Today, many families are living with additional stressors of immigration law enforcement, ICE raids, and changing immigration laws. These stressors are further cementing and reinforcing the fears and anxieties of instability.
For children of immigrants this creates a complicated and conflicting inner world. On one hand, you might feel a huge sense of gratitude for the potential for opportunity and appreciation for the sacrifice your parents made. On the other hand, you may feel angry and frustrated with the ingrained pressures and responsibilities that you did not ask for.
And you experience all of this, living in a society that constantly reminds you that you are different. The complexity of this leaves your nervous system on high alert, your mind always worried, and emotions that are hard to tolerate and regulate.
So, what now? Steps Towards Change
The first step is awareness. Awareness of these patterns takes the power away from them and gives it back to you – it gives you the power to be in control of your life.
It’s important to allow yourself grace in acknowledging that these patterns are understandable and were, at some point, necessary. Once you’ve acknowledged this and met yourself with compassion, you can recognize that healing is about creating safety in the present.
Healing might look like…
- Community: Humans are social beings. Building relationships that are supportive can be incredibly impactful in the healing journey. By surrounding yourself with others who have had similar experiences and can relate to you, you are reminded that you are not alone and can feel understood. And, by sharing your own experiences with others, you can support them.
- Self-Compassion: Though this is something that is much easier said than done, remembering to treat yourself with kindness and compassion is very important. Your words carry weight and the way you speak to yourself matters. This could also look like allowing yourself to slow down and to laugh more and to be freer without feeling like you need to earn the right to rest.
- Therapy: Having a space that is safe and yours to reflect on patterns you’ve noticed about yourself that you don’t understand creates room for curiosity and allows you to make sense of your own story. With this, you can start to make active choices for how you want to respond to situations that align with who you are now, in the present, and not who you had to be to survive.

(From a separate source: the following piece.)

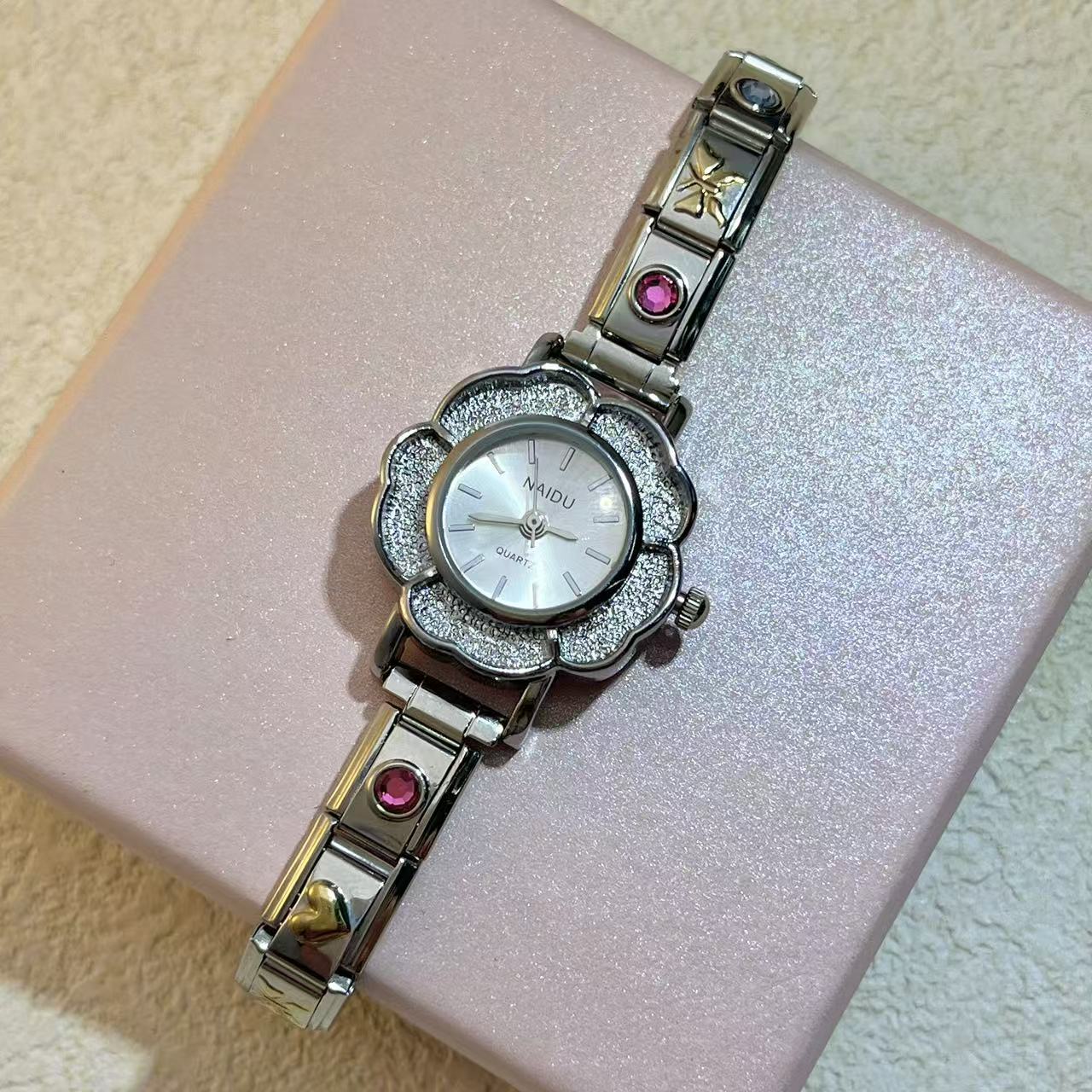 Women's Quartz Watches with Zi - Luxury Watch Gift For Her 评论和价格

Healing from generational trauma and survival mode patterns does not mean forgetting where you came from, your families’ stories, or diminishing their sacrifices.

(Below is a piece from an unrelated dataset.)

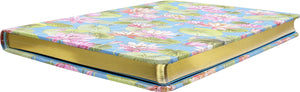 Water Lilies Mid-Size Journal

It means acknowledging the weight that you carry, exploring where it came from, understanding how it shapes your life and world view and learning how to move forward in ways that honor the past while also empowering and nurturing your future.
An Ongoing Process
Healing is not linear. Some days you’ll feel more grounded and freer, and others you might find yourself right back in survival mode – and, that is okay.

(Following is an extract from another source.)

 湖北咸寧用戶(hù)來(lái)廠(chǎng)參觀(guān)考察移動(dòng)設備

What’s important is noticing it, naming it, and meeting yourself with compassion instead of judgement.
It takes time to learn how to create your own sense of safety and security in a world that is imperfect, and, at times, unfair and unjust. By acknowledging both the personal and systemic forces that have impacted you, you can find ways to take steps outside of survival mode and into a life where you are able to feel balanced.
Over time, with compassion and support, you’ll learn to live with more ease. You are not alone in carrying this weight, and you don’t have to figure it out on your own. Your experiences, your family’s history, and the external rhetoric is a part of you, but it does not have to define your life.
The journey towards healing is about learning to trust and feel safe again – with yourself, with your relationships, and with your community. Survival mode got you here, but healing will finally let you live.